+++ Extracted records +++
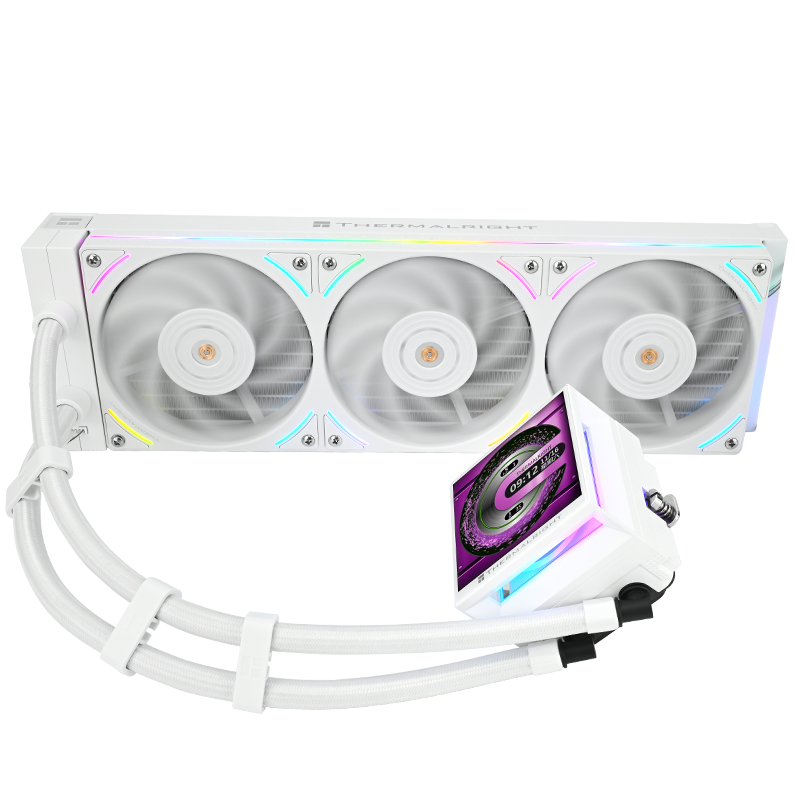 Hyper Vision 360 UB ARGB WHITE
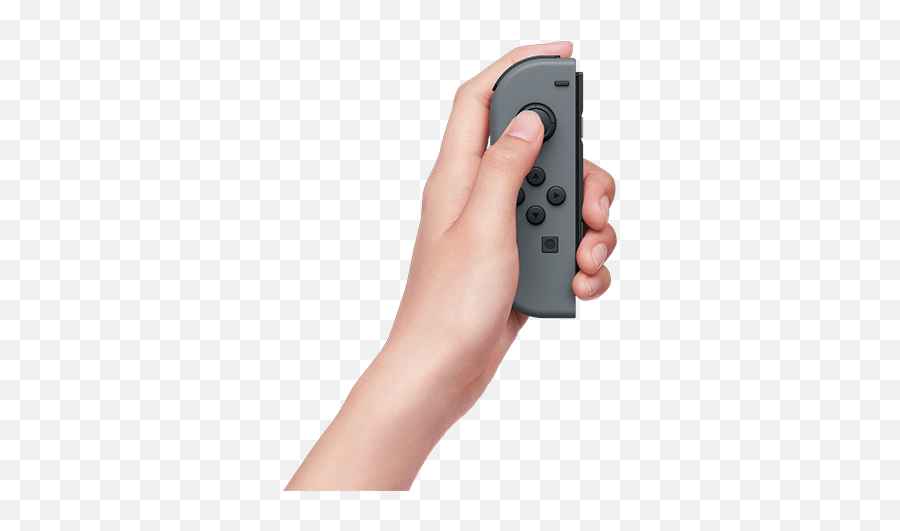 Download The Joy - Cons Nintendo Switch Joyconl Left Joy Con Stick Png,Switch Controller Png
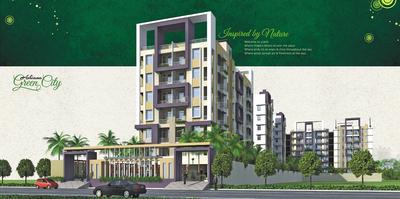 Project Image of 653.51 - 1154.88 Sq.ft 2 BHK Apartment for buy in Ashiana Green City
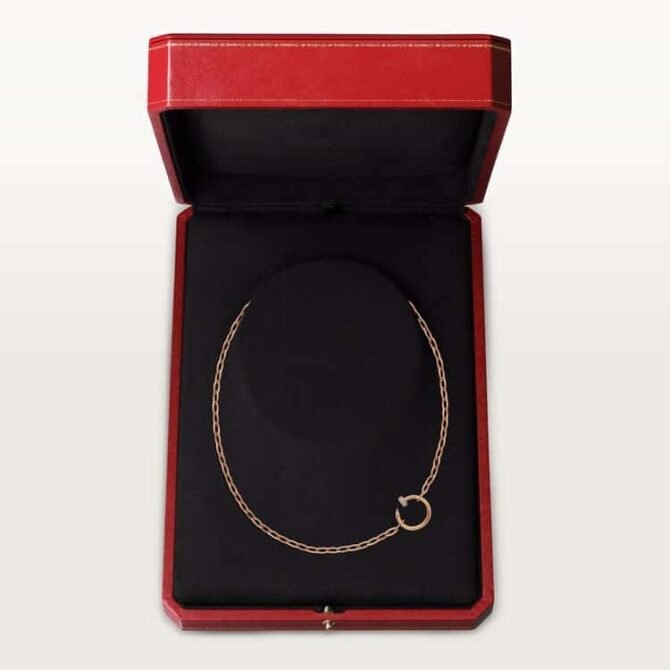 Juste Un Clou Necklace, Diamonds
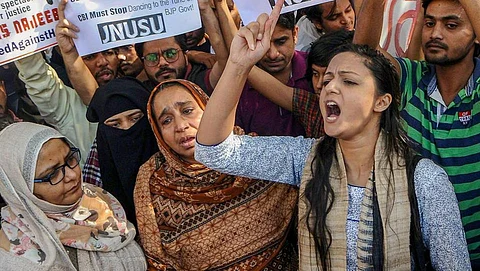 Former JNU missing student Najeeb Ahmed's case closed after 8 years, Delhi court accepts CBI report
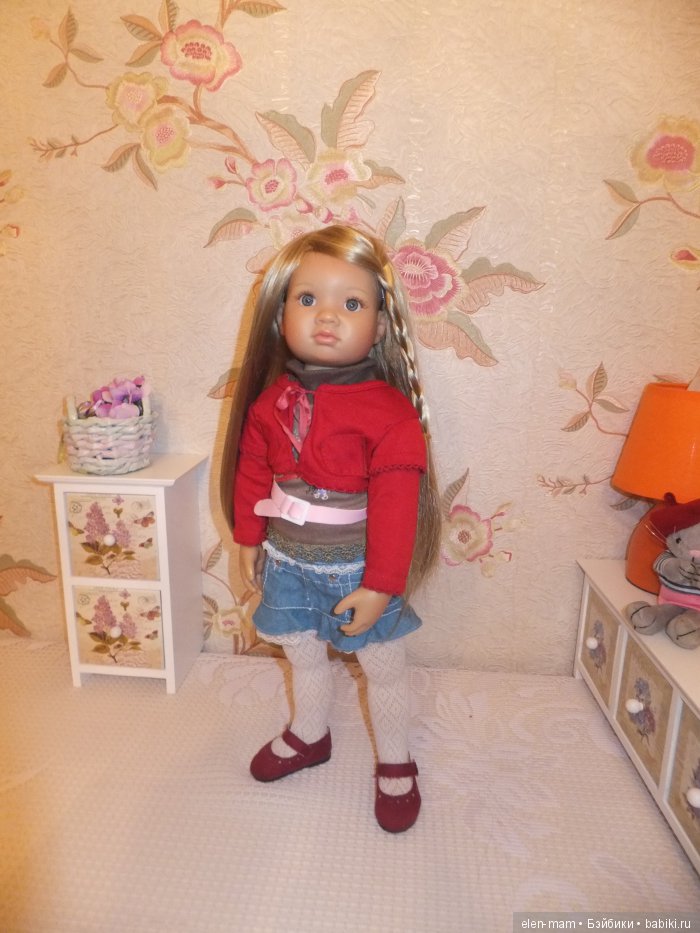 Луиза 10-го года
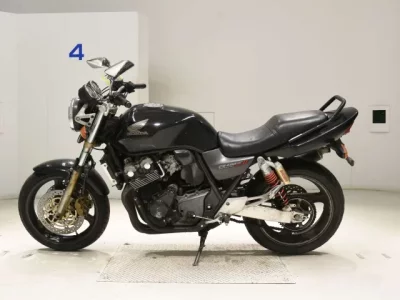 Honda CB400SFV-2  с аукциона в Японии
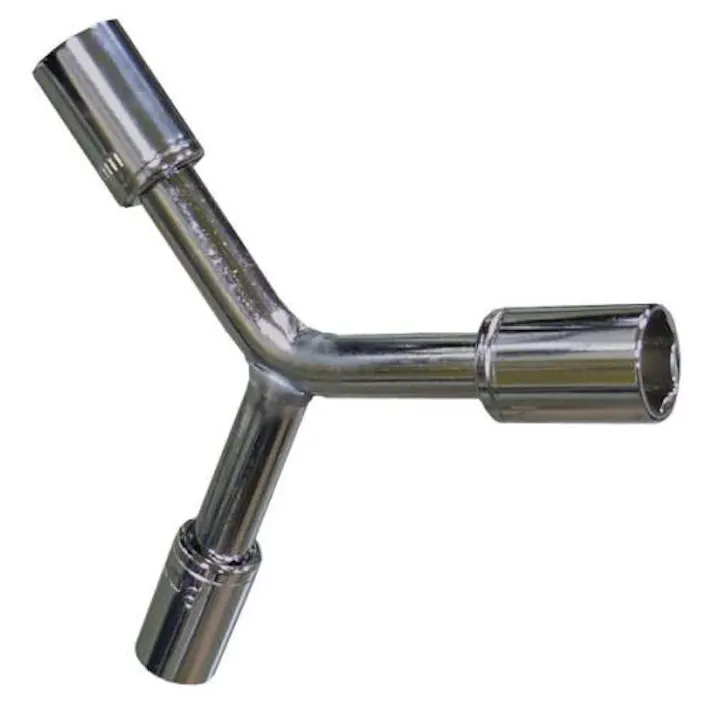 キャプテンスタッグ Y型Boxレンチ 8x9x10mm EA618GK-30 4550061096390【別送品】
+++
— Activity —
Copy out every line above without change, dropping the pictures.

— Result —
 Hyper Vision 360 UB ARGB WHITE
 Download The Joy - Cons Nintendo Switch Joyconl Left Joy Con Stick Png,Switch Controller Png
 Project Image of 653.51 - 1154.88 Sq.ft 2 BHK Apartment for buy in Ashiana Green City
 Juste Un Clou Necklace, Diamonds
 Former JNU missing student Najeeb Ahmed's case closed after 8 years, Delhi court accepts CBI report
 Луиза 10-го года
 Honda CB400SFV-2  с аукциона в Японии
 キャプテンスタッグ Y型Boxレンチ 8x9x10mm EA618GK-30 4550061096390【別送品】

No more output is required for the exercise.